**Exercise goal:** The lines to print run from the top of the material below to the line with "2011 Chevrolet Cruze LT", inclusive; please copy them exactly, without pictures.

**Given records:**
============================================================

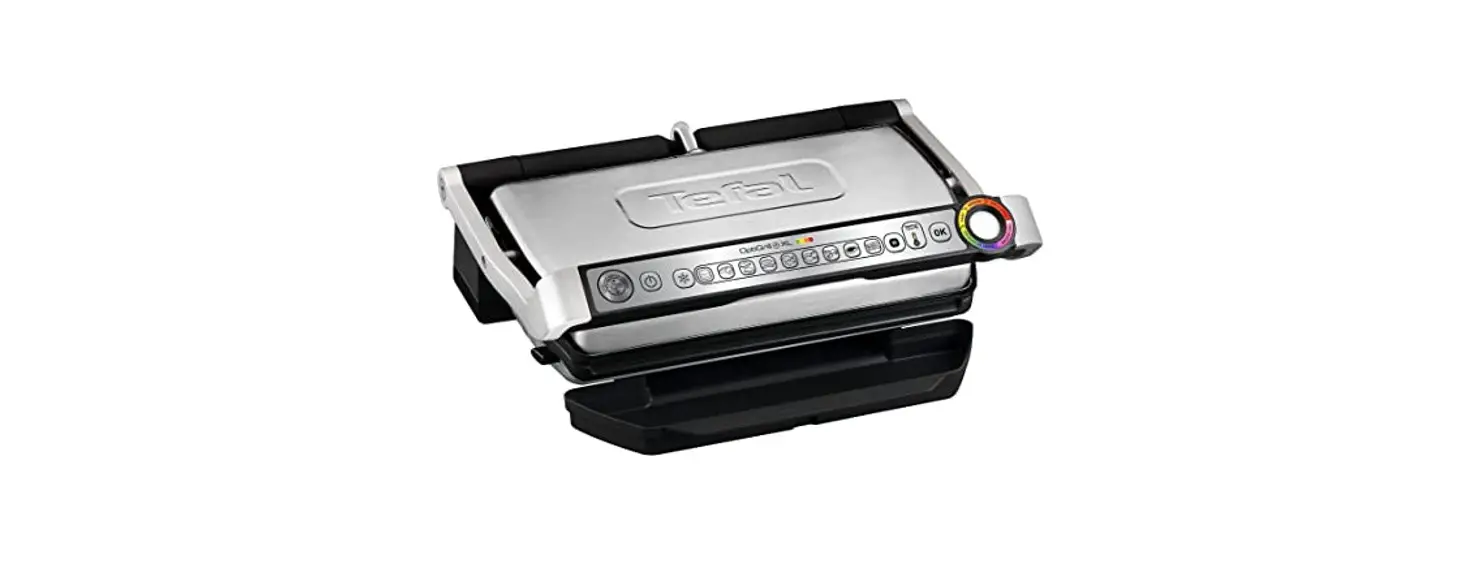 Tefal Gc722d Optigrill+ Xl Contact Grill Instructions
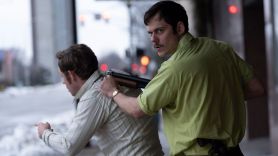 Bill Skarsgard Dead Man's Wire Interview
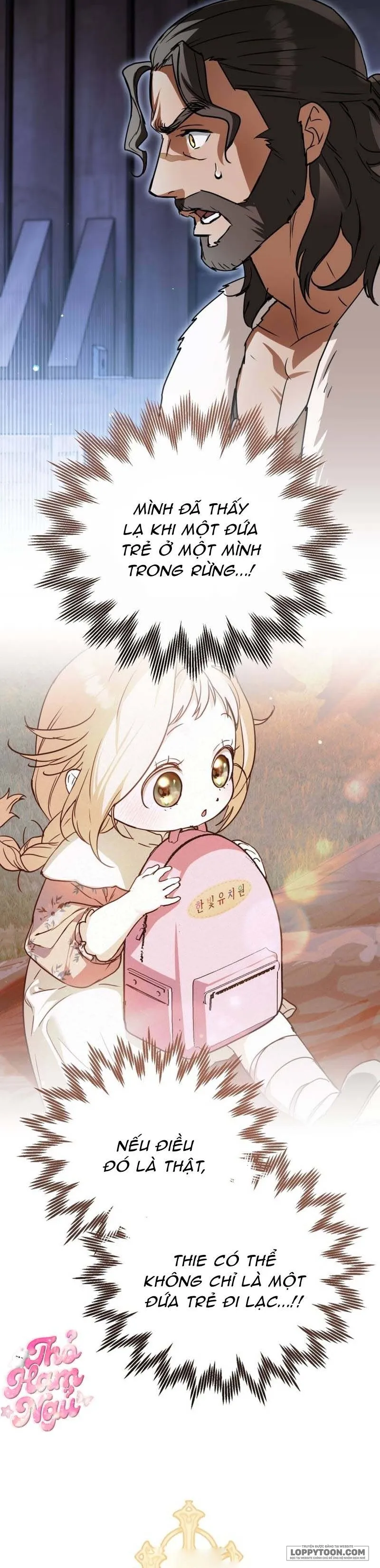 Bé Con Thiên Tài Bí Mật Đi Tìm Cha - Chap 9 - Trang 4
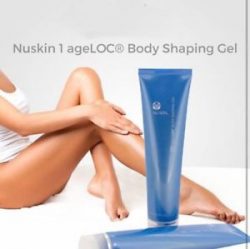 Ageloc Galvanic Spa met body shaping gel - Afbeelding 6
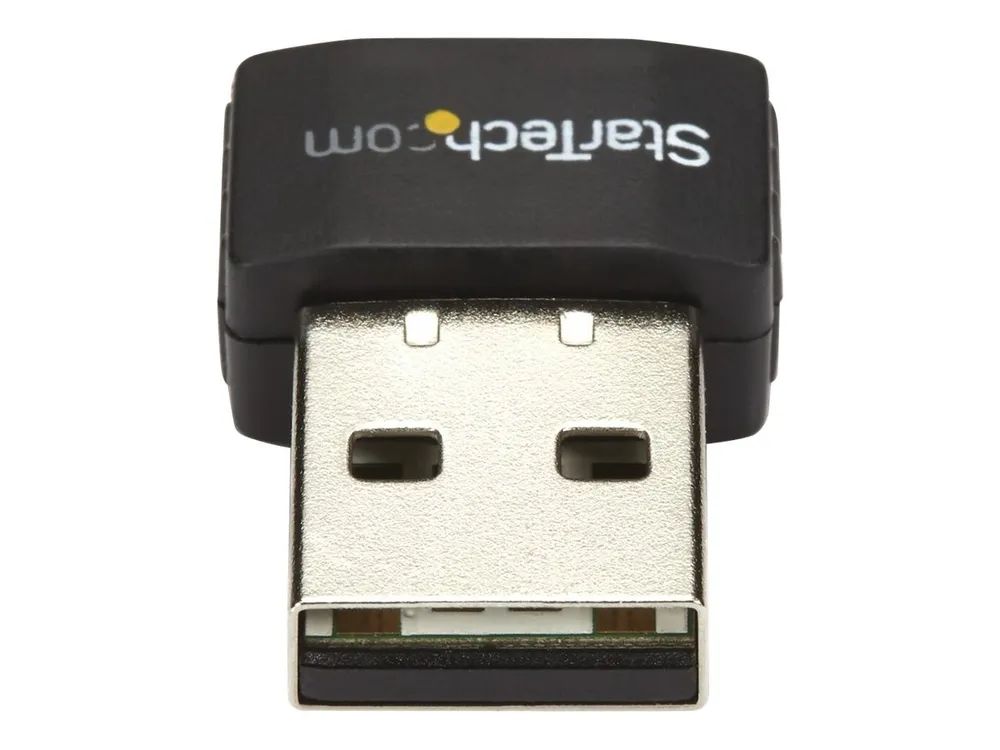 StarTech.com USB WiFi Adapter - AC600 - Dual-Band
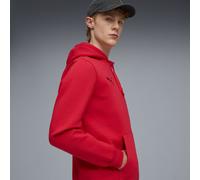 PUMA Sudadera con capucha AC Milan FtblEssentials para hombre, Sport, Rojo/Negro, XXL XXL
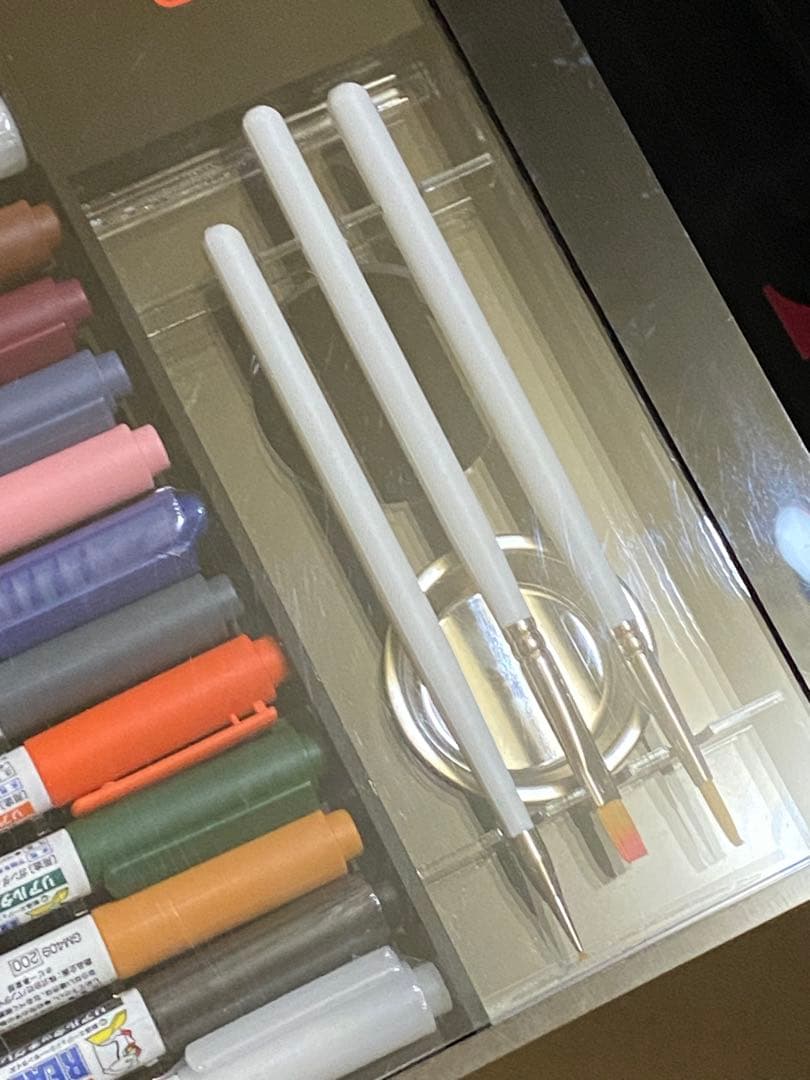 ガンダムマーカー 非売品 レア ガンプラ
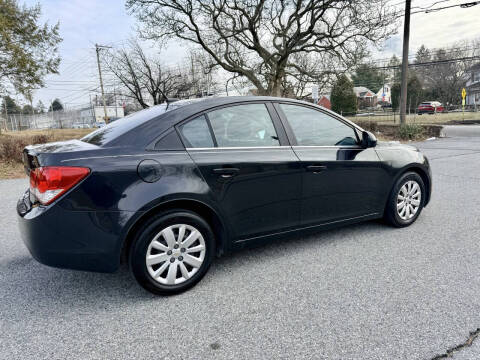 2011 Chevrolet Cruze LT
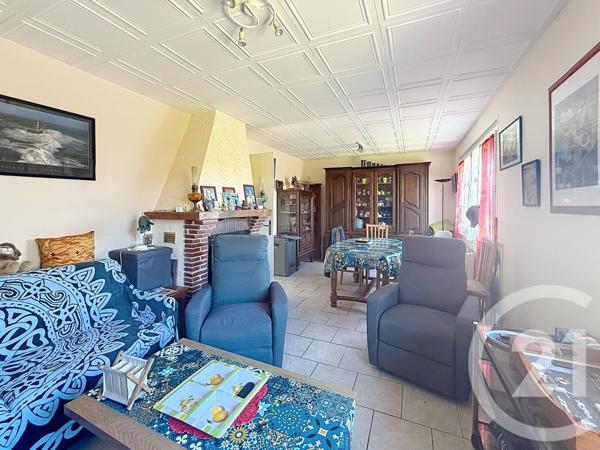Maison à vendre  4 pièces - 62 m2 BEUZEVILLE - 27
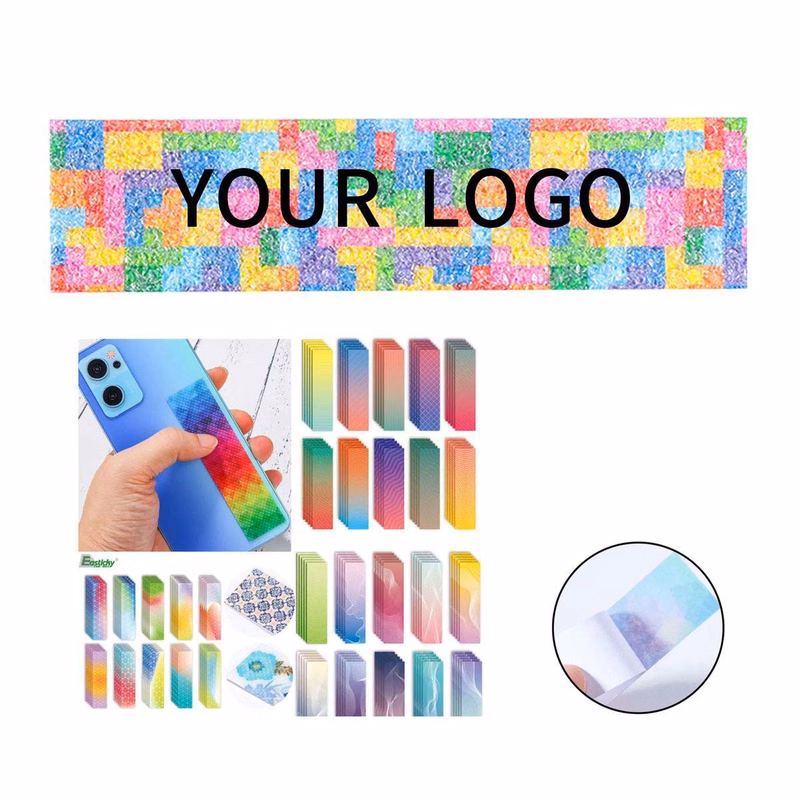 Waterproof Fidget Stickers for Stress Relief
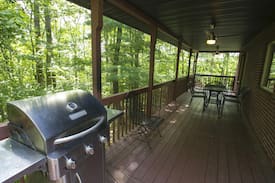 Rogers Villa | Wuthering Heights Chalet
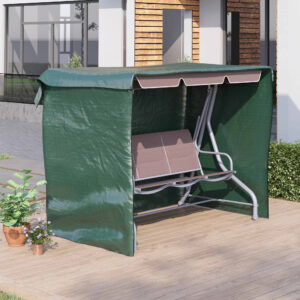® Vandtæt Presenning med UV-beskyttelse 215x155x150cm til Møbler og Have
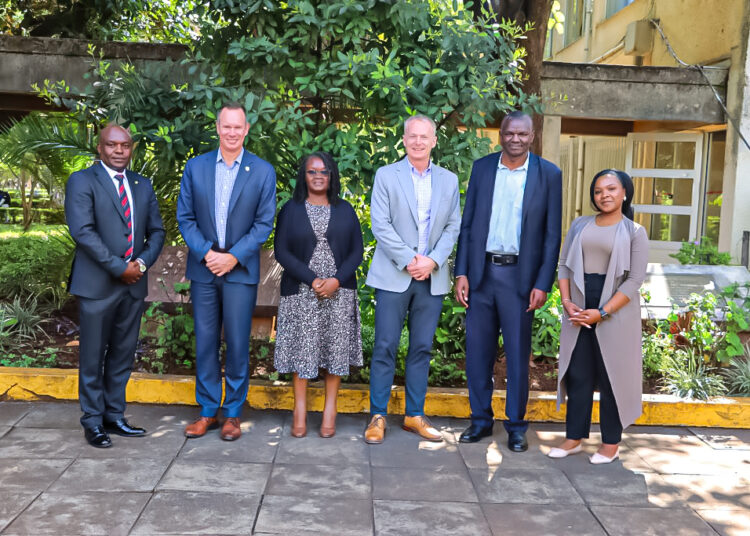 JKUAT, University of Windsor in Talks to Boost Research and Student Exchange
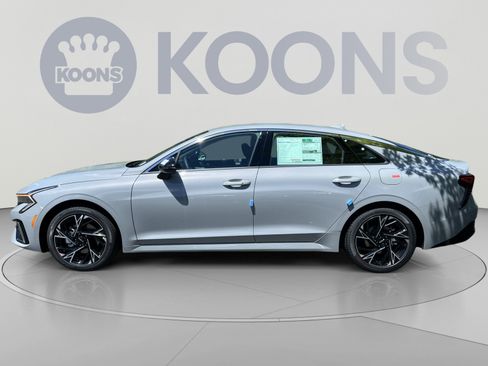 New 2026 Kia K5 GT-Line w/ GT-Line Red Interior Package AWD/4WD image 13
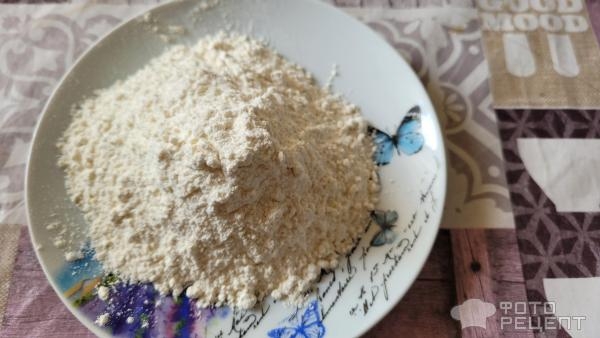 Рецепт: Картофельные ньокки в сливочно-грибном соусе - в сковороде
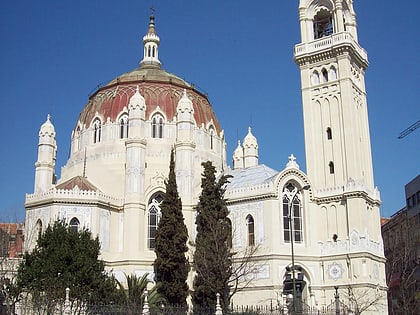church of saint manuel and saint benedict madrid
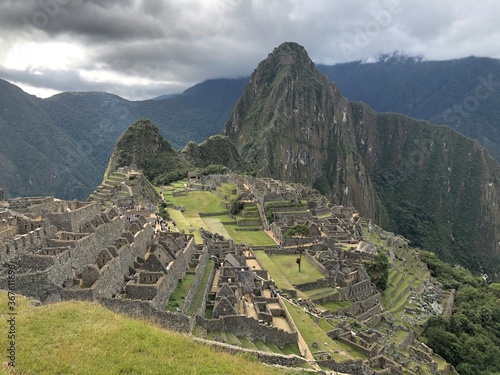 machu pichu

============================================================

**Final answer:**
 Tefal Gc722d Optigrill+ Xl Contact Grill Instructions
 Bill Skarsgard Dead Man's Wire Interview
 Bé Con Thiên Tài Bí Mật Đi Tìm Cha - Chap 9 - Trang 4
 Ageloc Galvanic Spa met body shaping gel - Afbeelding 6
 StarTech.com USB WiFi Adapter - AC600 - Dual-Band
 PUMA Sudadera con capucha AC Milan FtblEssentials para hombre, Sport, Rojo/Negro, XXL XXL
 ガンダムマーカー 非売品 レア ガンプラ
 2011 Chevrolet Cruze LT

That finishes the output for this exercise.